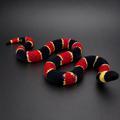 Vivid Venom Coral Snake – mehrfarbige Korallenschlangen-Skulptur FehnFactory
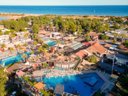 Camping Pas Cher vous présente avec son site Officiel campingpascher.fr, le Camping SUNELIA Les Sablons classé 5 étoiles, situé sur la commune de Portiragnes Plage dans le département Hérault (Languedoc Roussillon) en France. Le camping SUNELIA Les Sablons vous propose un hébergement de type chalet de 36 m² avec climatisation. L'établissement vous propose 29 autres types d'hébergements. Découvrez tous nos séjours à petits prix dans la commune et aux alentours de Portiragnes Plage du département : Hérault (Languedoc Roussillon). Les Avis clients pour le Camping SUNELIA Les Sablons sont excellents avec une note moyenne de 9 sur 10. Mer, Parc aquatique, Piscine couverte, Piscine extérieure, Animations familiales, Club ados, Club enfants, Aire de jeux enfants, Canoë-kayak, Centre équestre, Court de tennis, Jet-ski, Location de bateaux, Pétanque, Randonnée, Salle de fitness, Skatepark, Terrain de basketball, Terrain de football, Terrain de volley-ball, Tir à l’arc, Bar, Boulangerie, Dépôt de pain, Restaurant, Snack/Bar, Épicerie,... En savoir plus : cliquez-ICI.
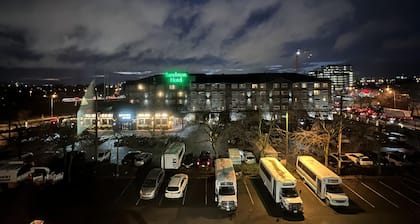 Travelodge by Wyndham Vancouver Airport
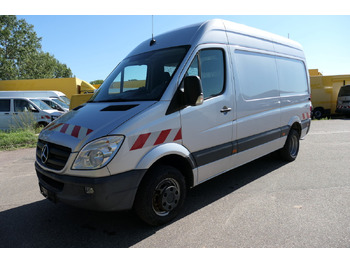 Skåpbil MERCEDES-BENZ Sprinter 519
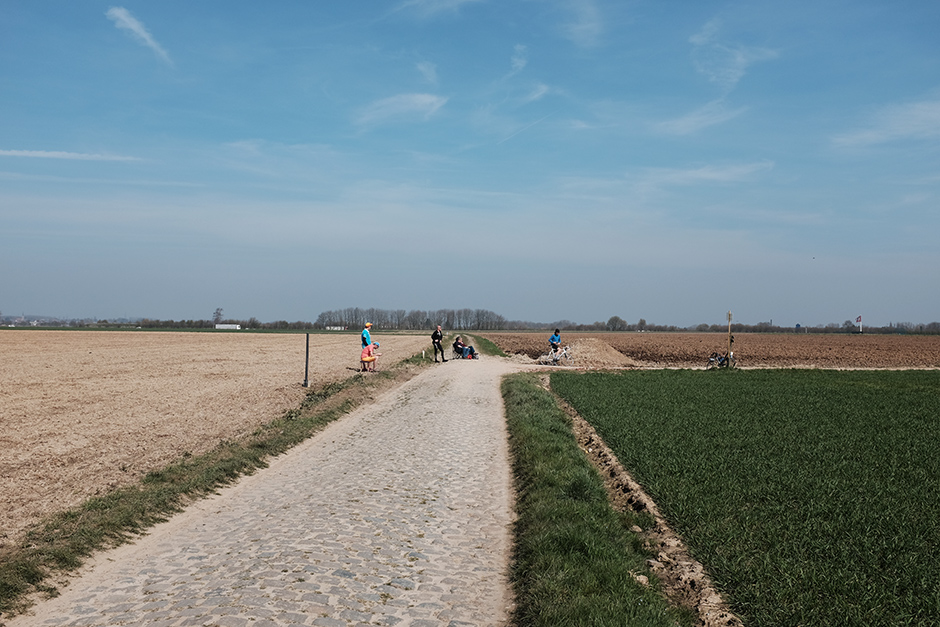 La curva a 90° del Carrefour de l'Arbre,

* * *

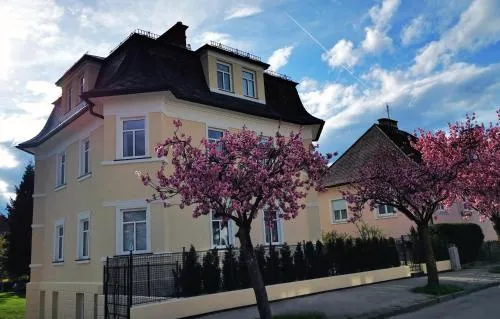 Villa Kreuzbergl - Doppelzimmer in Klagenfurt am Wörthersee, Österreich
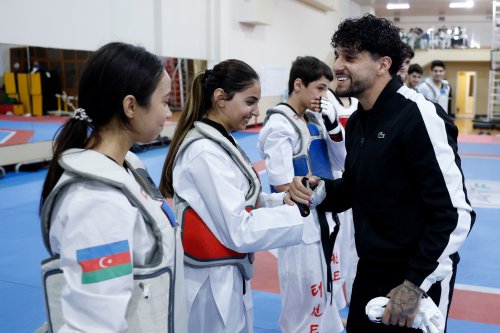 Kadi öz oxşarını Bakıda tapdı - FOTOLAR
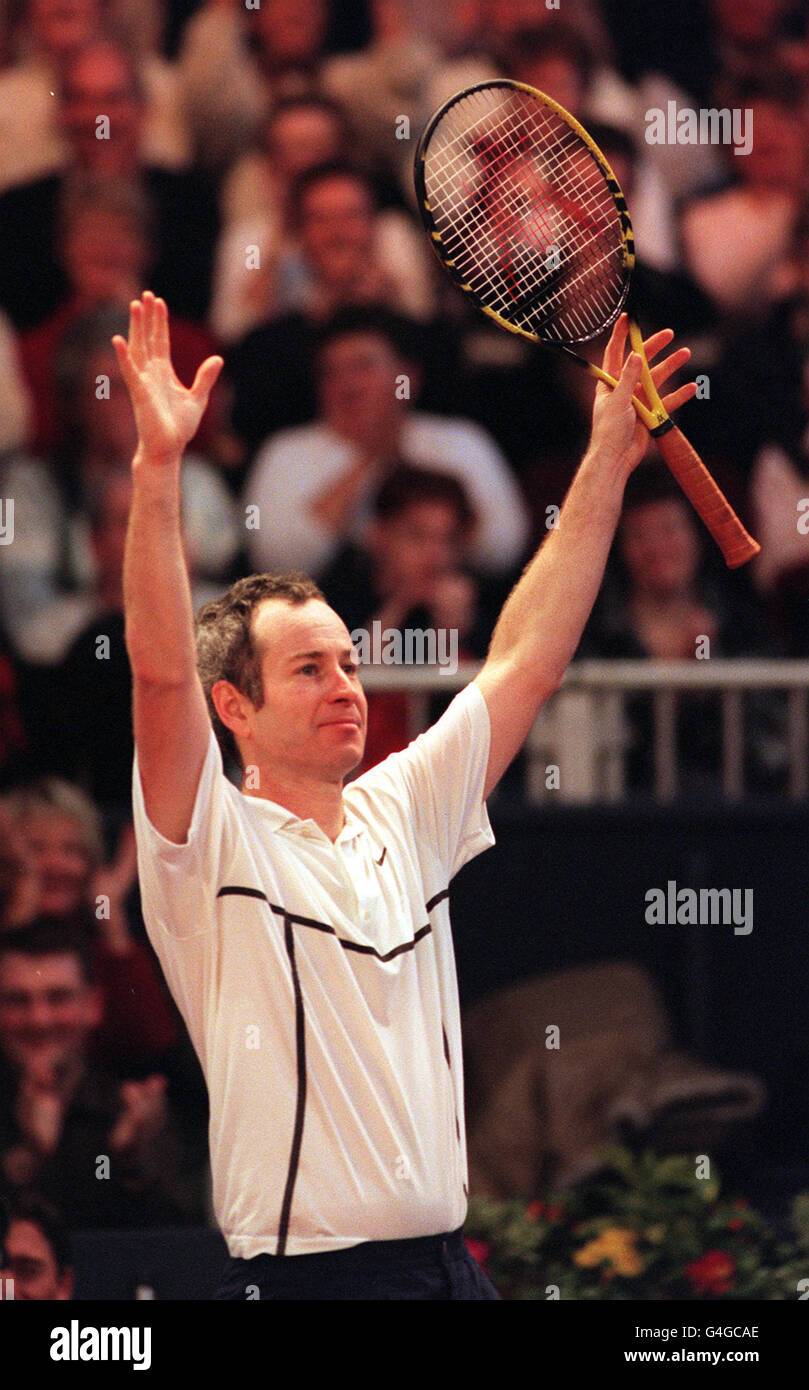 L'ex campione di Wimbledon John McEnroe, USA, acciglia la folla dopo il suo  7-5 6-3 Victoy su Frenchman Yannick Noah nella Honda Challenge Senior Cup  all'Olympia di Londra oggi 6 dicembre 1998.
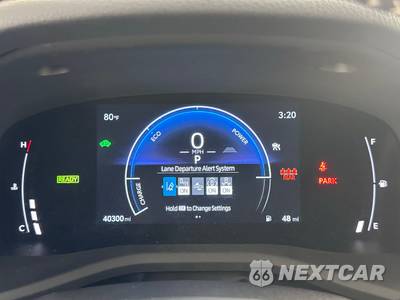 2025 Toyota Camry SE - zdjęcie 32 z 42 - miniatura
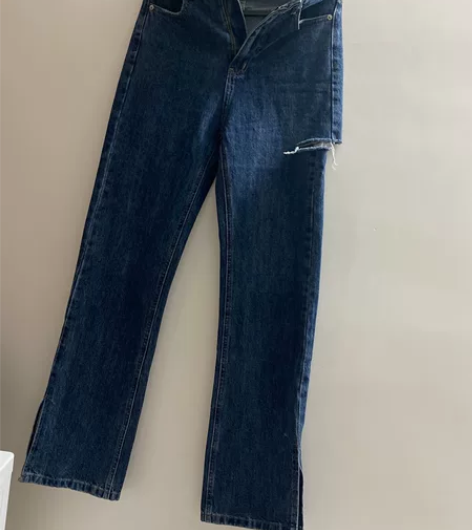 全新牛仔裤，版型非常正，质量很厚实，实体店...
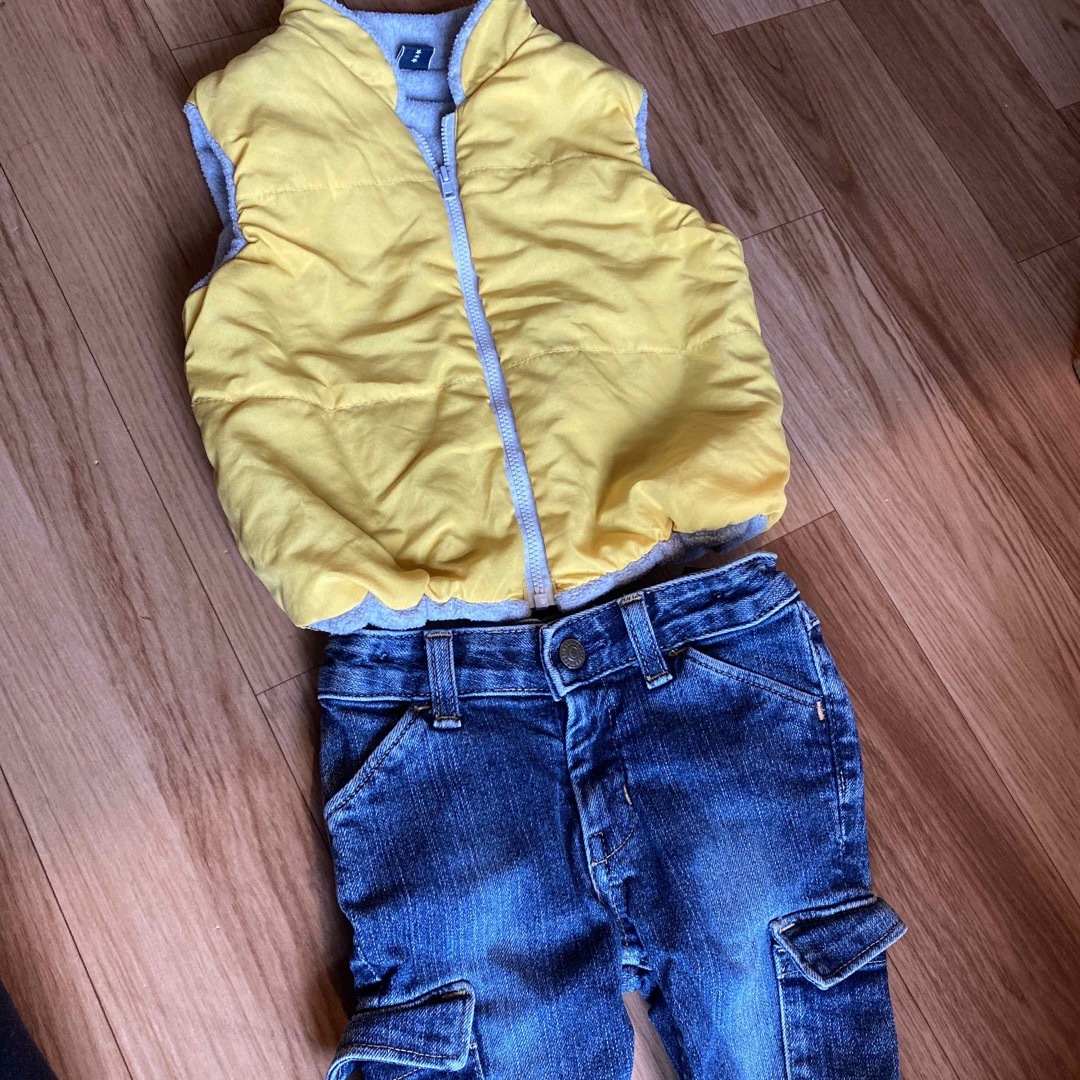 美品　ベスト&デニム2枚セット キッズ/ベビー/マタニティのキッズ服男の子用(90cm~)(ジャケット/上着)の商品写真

### What is being asked
Using the data above, transcribe exactly the lines between those containing "全新牛仔裤，版型非常正，质量很厚实，实体店..." and "美品　ベスト&デニム2枚セッ", inclusive, and leave every picture behind.

### Exercise answer
 全新牛仔裤，版型非常正，质量很厚实，实体店...
 美品　ベスト&デニム2枚セット キッズ/ベビー/マタニティのキッズ服男の子用(90cm~)(ジャケット/上着)の商品写真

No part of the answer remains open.